▸ **REQUIRED ACTION**
The answer must be an exact copy of every record below.

▸ **RECORDS PROVIDED**
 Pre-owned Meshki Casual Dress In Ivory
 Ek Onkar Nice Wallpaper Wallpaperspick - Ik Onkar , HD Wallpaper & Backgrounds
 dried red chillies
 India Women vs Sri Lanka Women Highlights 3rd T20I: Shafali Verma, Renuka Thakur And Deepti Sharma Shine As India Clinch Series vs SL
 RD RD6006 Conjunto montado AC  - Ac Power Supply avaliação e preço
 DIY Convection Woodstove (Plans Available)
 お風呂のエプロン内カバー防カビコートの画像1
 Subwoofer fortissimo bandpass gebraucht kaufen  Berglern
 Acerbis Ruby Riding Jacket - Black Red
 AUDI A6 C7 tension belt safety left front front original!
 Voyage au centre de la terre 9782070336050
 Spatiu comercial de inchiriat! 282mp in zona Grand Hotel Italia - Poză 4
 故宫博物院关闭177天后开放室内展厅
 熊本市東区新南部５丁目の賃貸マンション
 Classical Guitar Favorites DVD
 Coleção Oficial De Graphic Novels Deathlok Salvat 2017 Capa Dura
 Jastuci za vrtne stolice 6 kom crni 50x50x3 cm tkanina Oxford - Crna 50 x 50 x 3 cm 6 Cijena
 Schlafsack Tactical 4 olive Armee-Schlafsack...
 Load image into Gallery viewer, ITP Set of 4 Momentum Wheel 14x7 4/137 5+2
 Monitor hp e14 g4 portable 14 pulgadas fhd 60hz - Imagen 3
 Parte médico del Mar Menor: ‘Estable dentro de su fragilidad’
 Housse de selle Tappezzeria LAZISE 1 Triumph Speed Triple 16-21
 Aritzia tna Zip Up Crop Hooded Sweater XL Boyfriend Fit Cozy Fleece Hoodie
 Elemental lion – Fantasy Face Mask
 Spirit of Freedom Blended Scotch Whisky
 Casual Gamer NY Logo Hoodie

▸ **WRITTEN RESPONSE**
 Pre-owned Meshki Casual Dress In Ivory
 Ek Onkar Nice Wallpaper Wallpaperspick - Ik Onkar , HD Wallpaper & Backgrounds
 dried red chillies
 India Women vs Sri Lanka Women Highlights 3rd T20I: Shafali Verma, Renuka Thakur And Deepti Sharma Shine As India Clinch Series vs SL
 RD RD6006 Conjunto montado AC  - Ac Power Supply avaliação e preço
 DIY Convection Woodstove (Plans Available)
 お風呂のエプロン内カバー防カビコートの画像1
 Subwoofer fortissimo bandpass gebraucht kaufen  Berglern
 Acerbis Ruby Riding Jacket - Black Red
 AUDI A6 C7 tension belt safety left front front original!
 Voyage au centre de la terre 9782070336050
 Spatiu comercial de inchiriat! 282mp in zona Grand Hotel Italia - Poză 4
 故宫博物院关闭177天后开放室内展厅
 熊本市東区新南部５丁目の賃貸マンション
 Classical Guitar Favorites DVD
 Coleção Oficial De Graphic Novels Deathlok Salvat 2017 Capa Dura
 Jastuci za vrtne stolice 6 kom crni 50x50x3 cm tkanina Oxford - Crna 50 x 50 x 3 cm 6 Cijena
 Schlafsack Tactical 4 olive Armee-Schlafsack...
 Load image into Gallery viewer, ITP Set of 4 Momentum Wheel 14x7 4/137 5+2
 Monitor hp e14 g4 portable 14 pulgadas fhd 60hz - Imagen 3
 Parte médico del Mar Menor: ‘Estable dentro de su fragilidad’
 Housse de selle Tappezzeria LAZISE 1 Triumph Speed Triple 16-21
 Aritzia tna Zip Up Crop Hooded Sweater XL Boyfriend Fit Cozy Fleece Hoodie
 Elemental lion – Fantasy Face Mask
 Spirit of Freedom Blended Scotch Whisky
 Casual Gamer NY Logo Hoodie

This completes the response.